As I’ve already written elsewhere on this blog, my first two years in Latin America were basically running around the region with minimal time in each country.
With certain countries like Bolivia, Argentina, Colombia, Venezuela and Guatemala getting the most of my time.
Anyway, that was a period of time then in which I was outside of the US and spent the longest point of time away from my country.
When I got back, things felt different.
At first, I flew back to my small town in Iowa to be with family for a few weeks to maybe a month at most.
Initially, you notice the little differences here and there.
The infrastructure looks different.
Language is different obviously.
Maybe you understand what I mean.
It’s not a bad thing about life back home.
Or a good thing.
It just is.
Something about the atmosphere that feels so different.

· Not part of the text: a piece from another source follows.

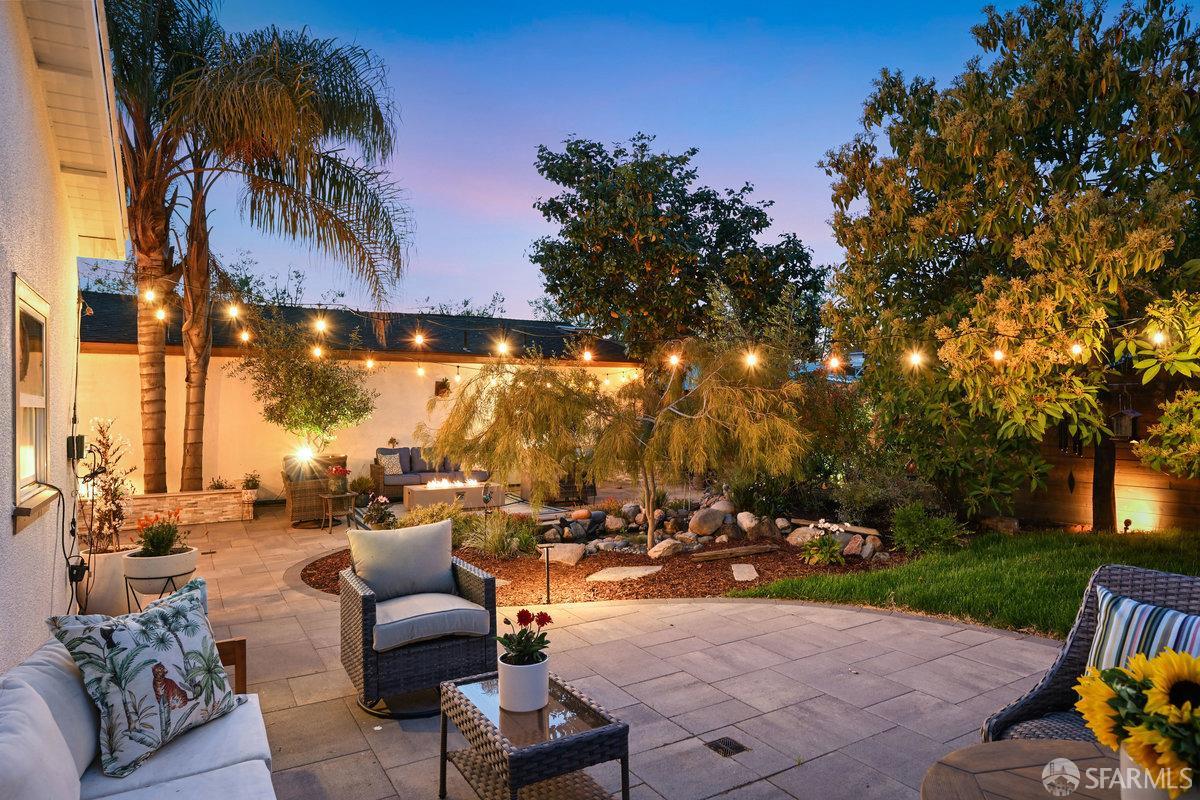 2445 Encinal Avenue
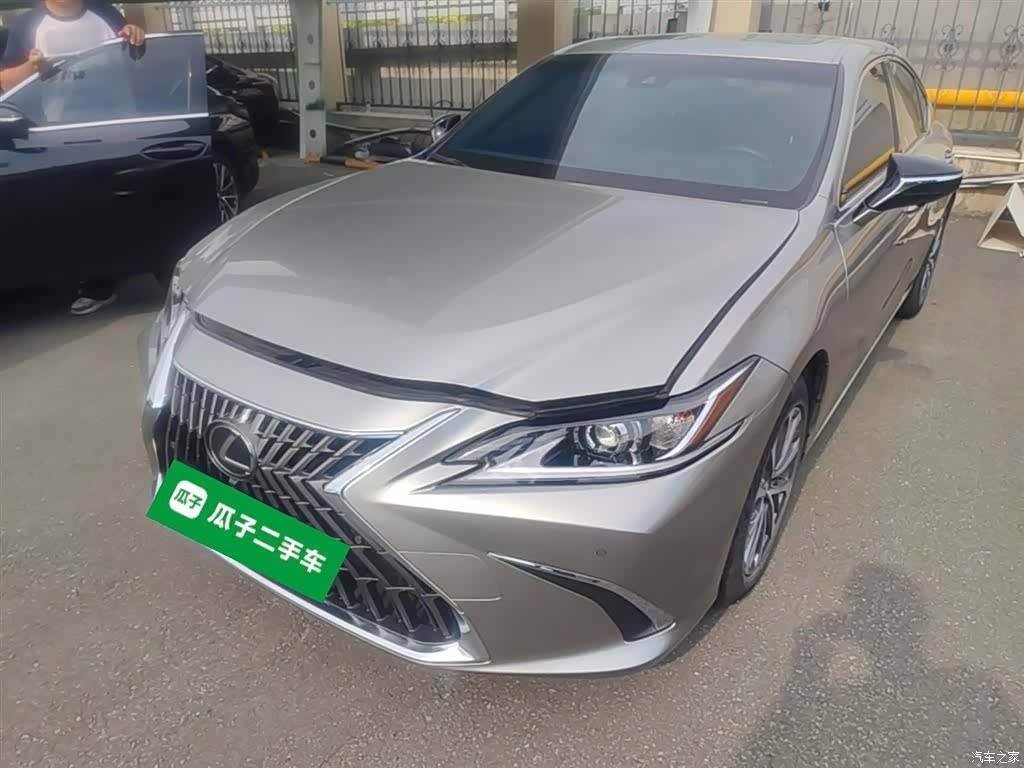 Lexus ES, 2024 2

Maybe it’s the way of life in Latin America versus the way in life in a small town in Iowa?
The way things are, the pace, the vibe, the energy of the scene….
Anyhow, I left Iowa to finish my last year in college in Ohio.
Back to Ohio
When I got back to Ohio, I’ll admit that I was ready to leave the US again on Day 1.

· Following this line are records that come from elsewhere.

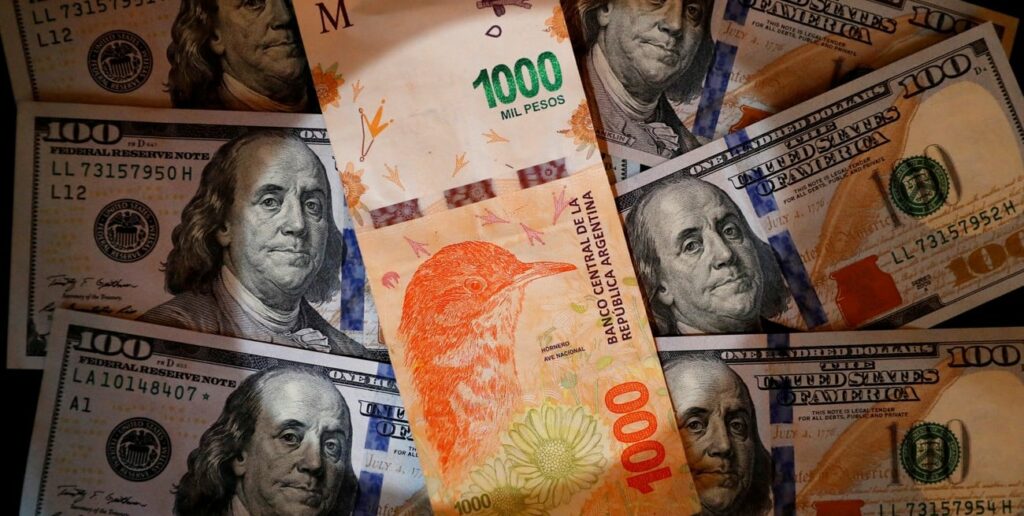 Massa Milei Argentina Dollar Peso Debate Elecciones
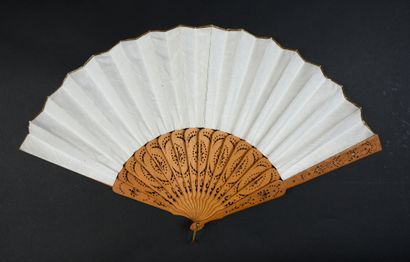 null Trompe-l'oeil of lace, circa 1850
Folded fan, the double sheet of paper printed...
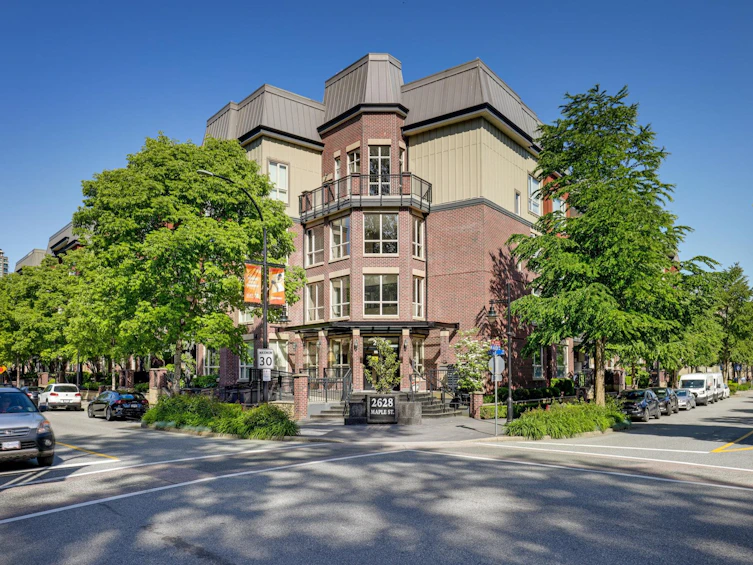 203-2628 Maple Street, Port Coquitlam, BC, V3C 0E2 - 2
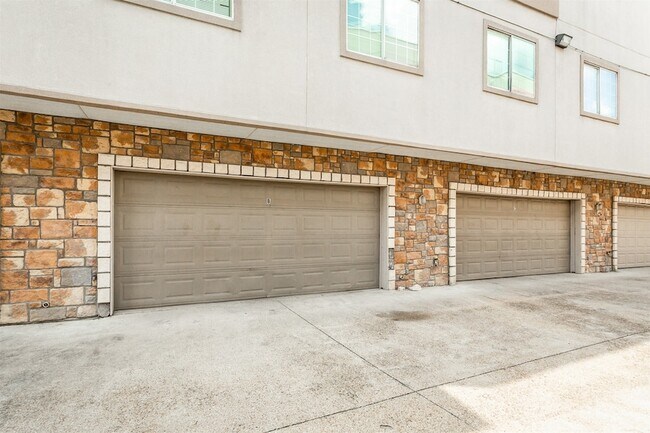 Building Photo - 4713 Virginia Ave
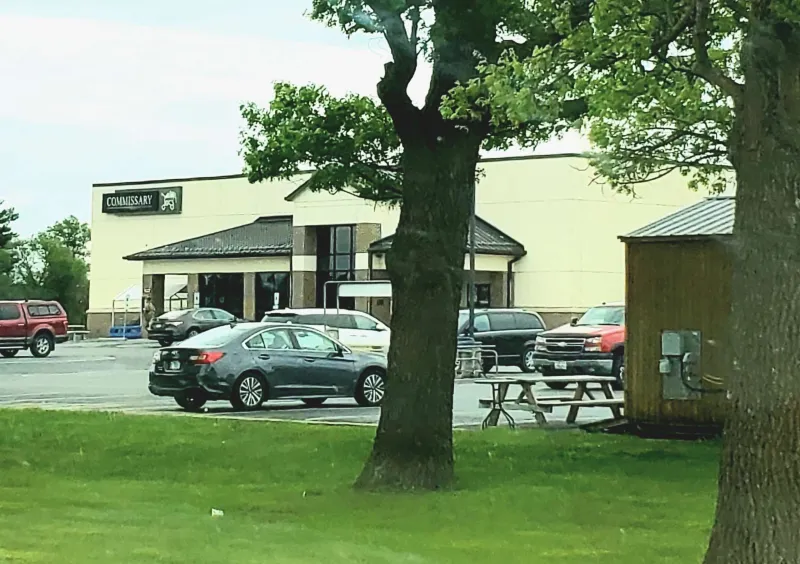 Military commissaries may soon open to DoD civilian employees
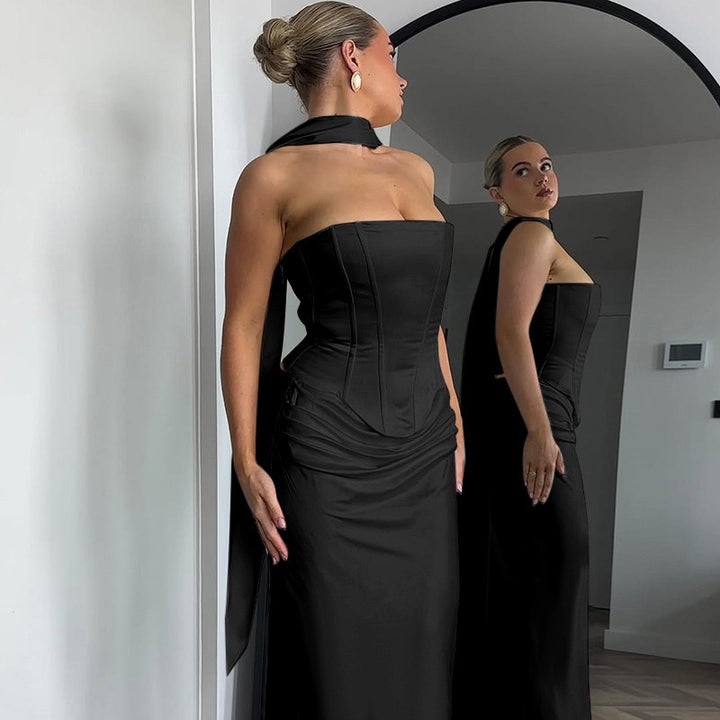 סט שני חלקים סאטן חצאית מקסי וטופ סטרפלס בעיטור צעיף תואם - Amori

I almost felt like I was in the wrong place.
Some of my friends were still there.
Though half of them had already graduated and left town since they graduated while I was gone.

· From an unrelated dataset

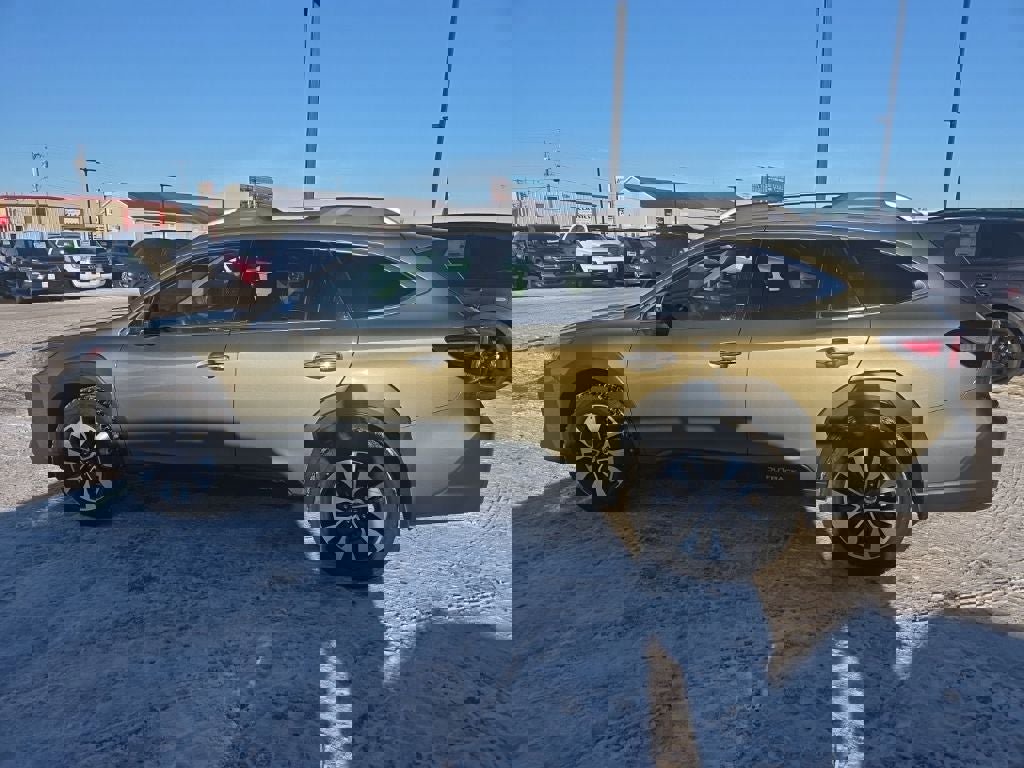 Used 2023 Subaru Outback Touring w/ Popular Package #2 image 8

Meanwhile, there’s two new classes at the school that you don’t know anyone from – freshman and sophomore year class.
So half the school consisted of people I didn’t know.
But, like I said, you still had some people you knew who were in the class before you or in your class.
Even then, things change.
There was one guy named Kevin who was a friendly guy.
We met up for drinks.
When I first saw him, he seemed wide eyed at the fact that I lived in Latin America for a year.
He went on about how “his family would go nuts” if he tried living down there.
And how he’d never go down there anyway because of “the cartels and everything.”
Which is funny to think about since, in most of Latin America, cartel violence isn’t really an issue.
But that’s one of the things you notice also about life back home initially…
The preconceptions people have about life down here are sometimes way off base from how things actually are.
And, as I’ve grown accustomed to years later down here, you accept that you can never change minds.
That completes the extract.